Herkesin içinde vardır bir çocuk... Kimse bunu kabul etmez ama.  Hep bir büyük olma, büyük düşünme, büyük hayaller kurma çabası. Çocuk olmanın kötülüğü ne olabilir ki? İnsanın en masum halidir bence. Hesap, kitap yapmadan sadece içinden geldiğince davranması kadar güzel hissettiren herşeyi korumalı insan. İçimizdeki o güzelliği, cam fanusta saklamamalı. O çocuğa, dışarıdan meraklı gözlerle bakmak yerine göğe bırakmalı.

Gökyüzüne Dokun

Bıraktığın yerden, gökyüzüne dokun. Sıçra, ve her defasında daha da yükseğe sıçra. Hayal dünyasını kısıtlamamalı içindeki çocuğun insan.  Neyi seviyorsa bırak yapsın.

Defterine not iliştirmek mi istiyor, iliştirsin. Özgürlüğe uçan kelimelerim, gökyüzünden üzerime yağsın.

Sessiz köşede beklemek mi istiyor? Bırak beklesin! Sessizlikten yaratabildiğin sesi hisset sadece. 

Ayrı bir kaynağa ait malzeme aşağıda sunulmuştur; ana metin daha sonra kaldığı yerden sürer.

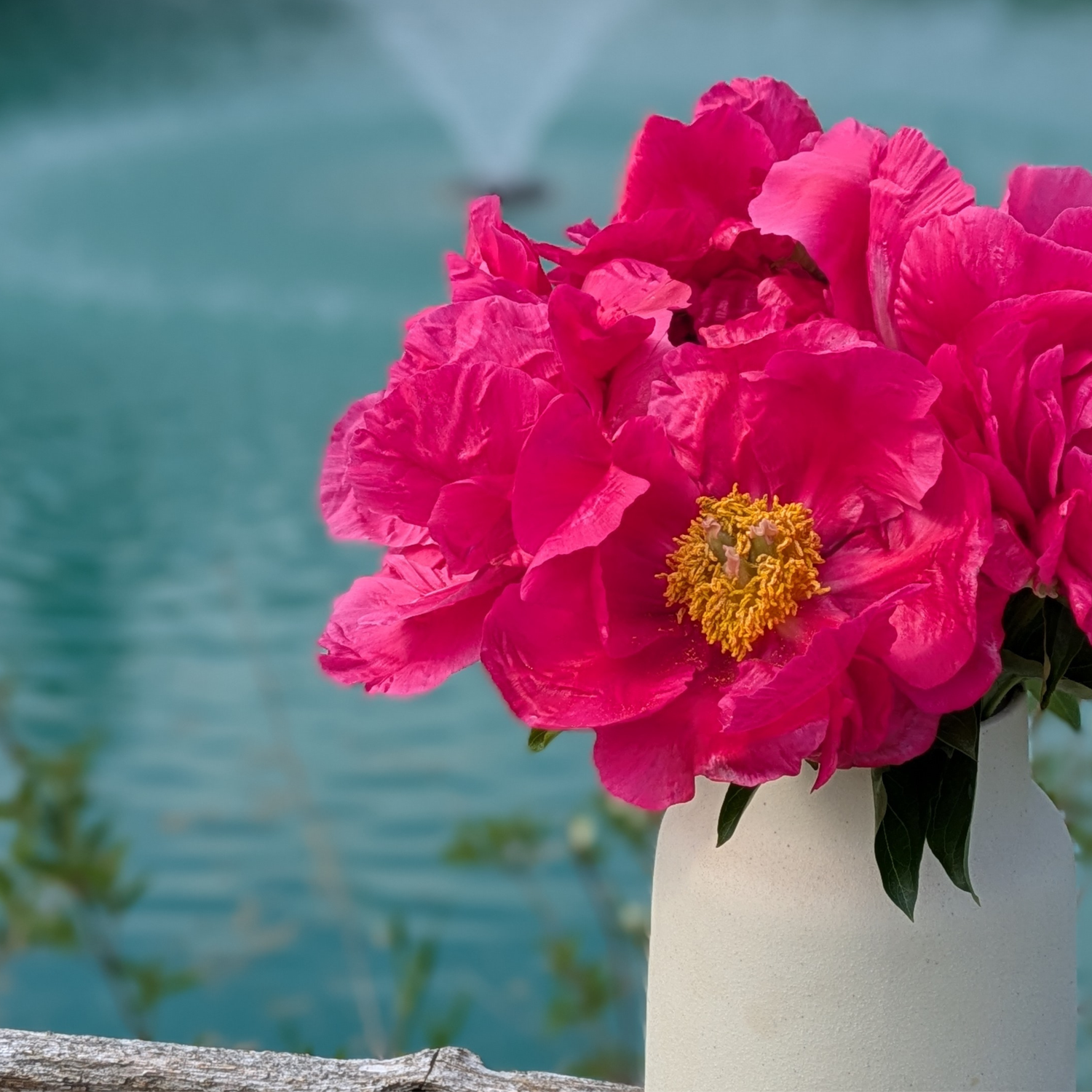 Bulk Peonies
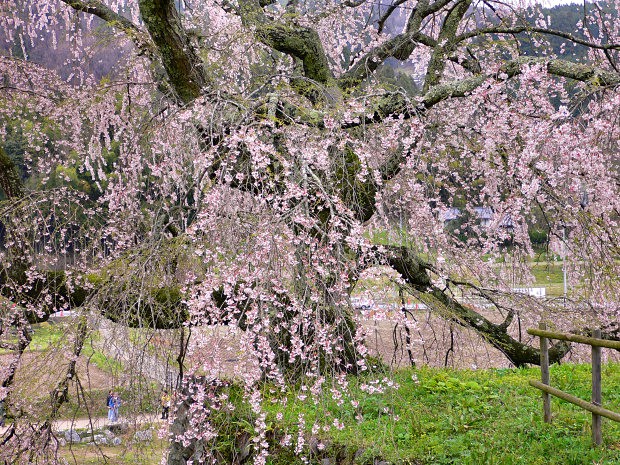 matabezakura_01.jpg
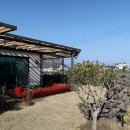 시연이네 하우스 이미지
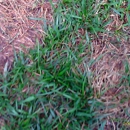 Soto's Gardening & Fence - Gardeners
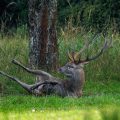 Rothirsch (Cervus elaphus) ungerader 18-Ender suhlt sich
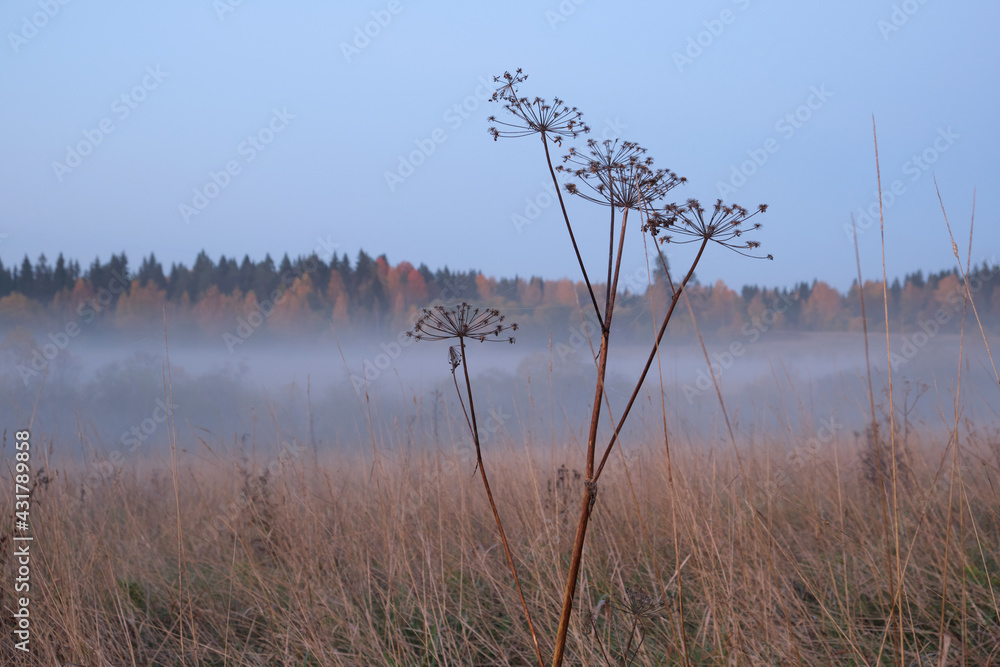 Magic fog over the field, dew on the grass, autumn landscape, the nature of the Russian north.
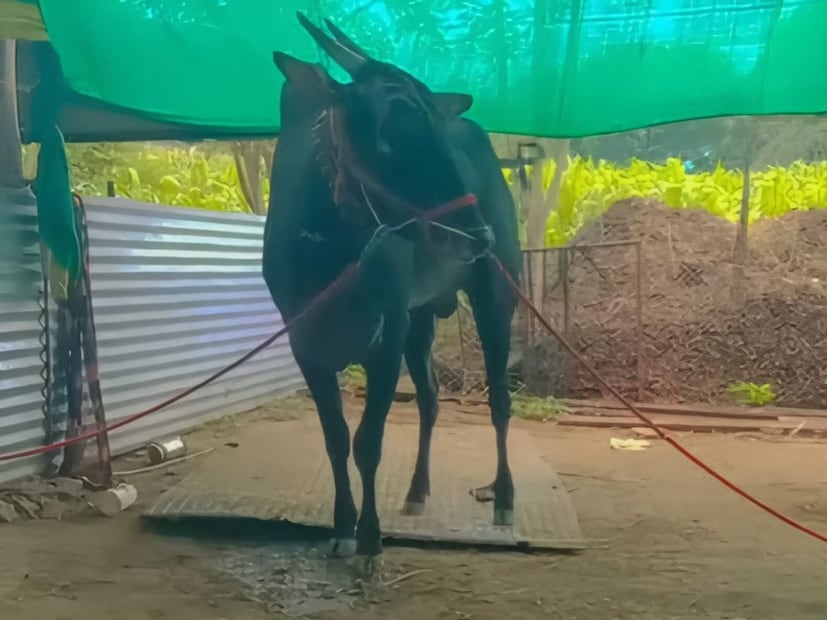  हरिदास जंजाळ यांनी या बैलाचे नाव कॅप्टन असेल ठेवलेले आहे.‎ हरिदास जंजाळ हे पशुपालन क्षेत्रातील नावलौकिक प्राप्त आहेत. ते उत्तम जातीचे जनावरे घेऊन त्यांना नियमित देखभाल, संतुलित आहार, तसेच त्यांना प्रशिक्षण देण्याचं काम करतात. याच कामातून त्यांनी मैसूर ठीलारी जातीच्या कॅप्टन बैलाला तयार केलं होतं.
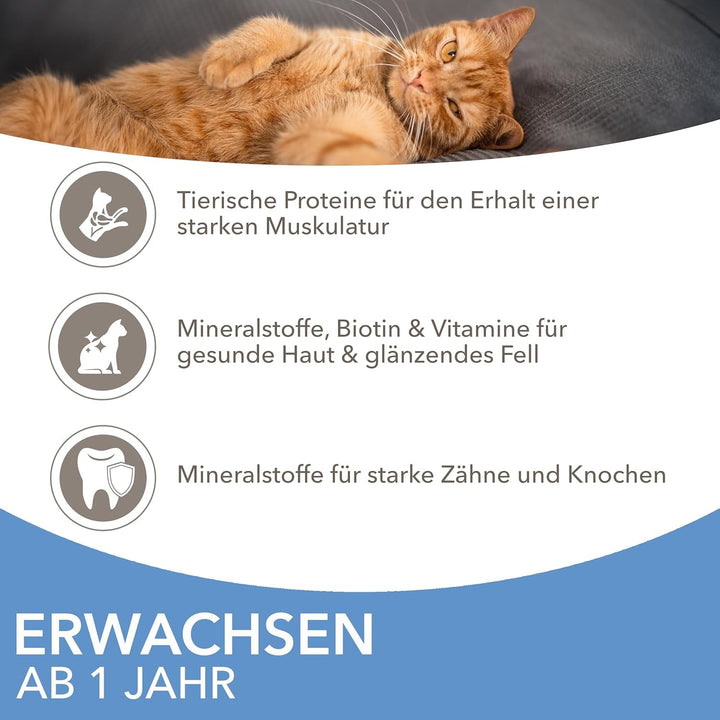 Hrană umedă pentru pisici IAMS Delights Sea Collection - Multipack cu sortimente de pește (somon, ton, macrou, pește de mare) în sos, hrană umedă pentru pisici de la 1 an în sus, 12 X 85G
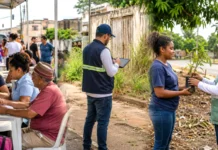 Porto Velho terá mutirão de serviços, fiscalização nos bairros e ações contra queimadas Serviços em Porto Velho reúnem atendimento à população, fiscalização urbana e entrega de mudas em bairros e distritos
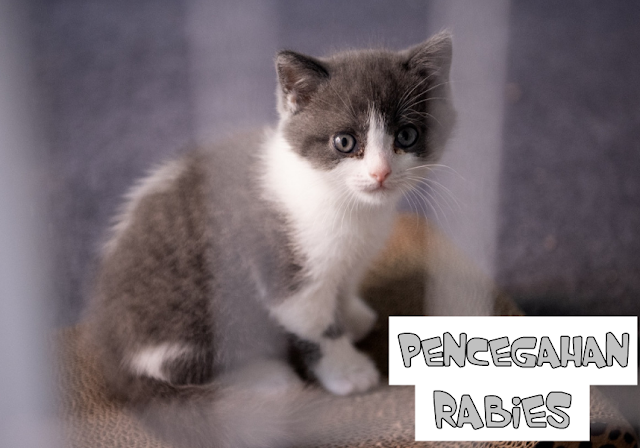 Kucing Rabies Mati Obat Rabies Kucing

İçindeki sen, lunaparkı seviyor ama sen büyük olduğun için utanıyor musun? Kendin için birşey yap ve o lunaparka git. İçindeki çocukla oynamaya cesaretin yoksa eğer, lunaparkta otur ve o sesleri, müzikleri ve kulağına fısıldayan esintiyi dinle.

İçindeki SEN İle Konuş

Kendisi ile konuşmalı insan diye düşünüyorum. Başkalarını kandırırsın. Ama insan kendini kandıramaz ki. Aynaya her baktığında kendini göreceksin çünkü. Aynalar farklı bir insan göstermez sana. Kaşın, gözün , boyun ...

Hepsi sen değil mi?

Tam da zamanı...

İçindeki çocuğu fanustan çıkarma vakti! Karşına al ve göz ardı ettiğin herşeyi konuş.

Konuş ki; içindeki o hapishaneden onu göğe çıkar.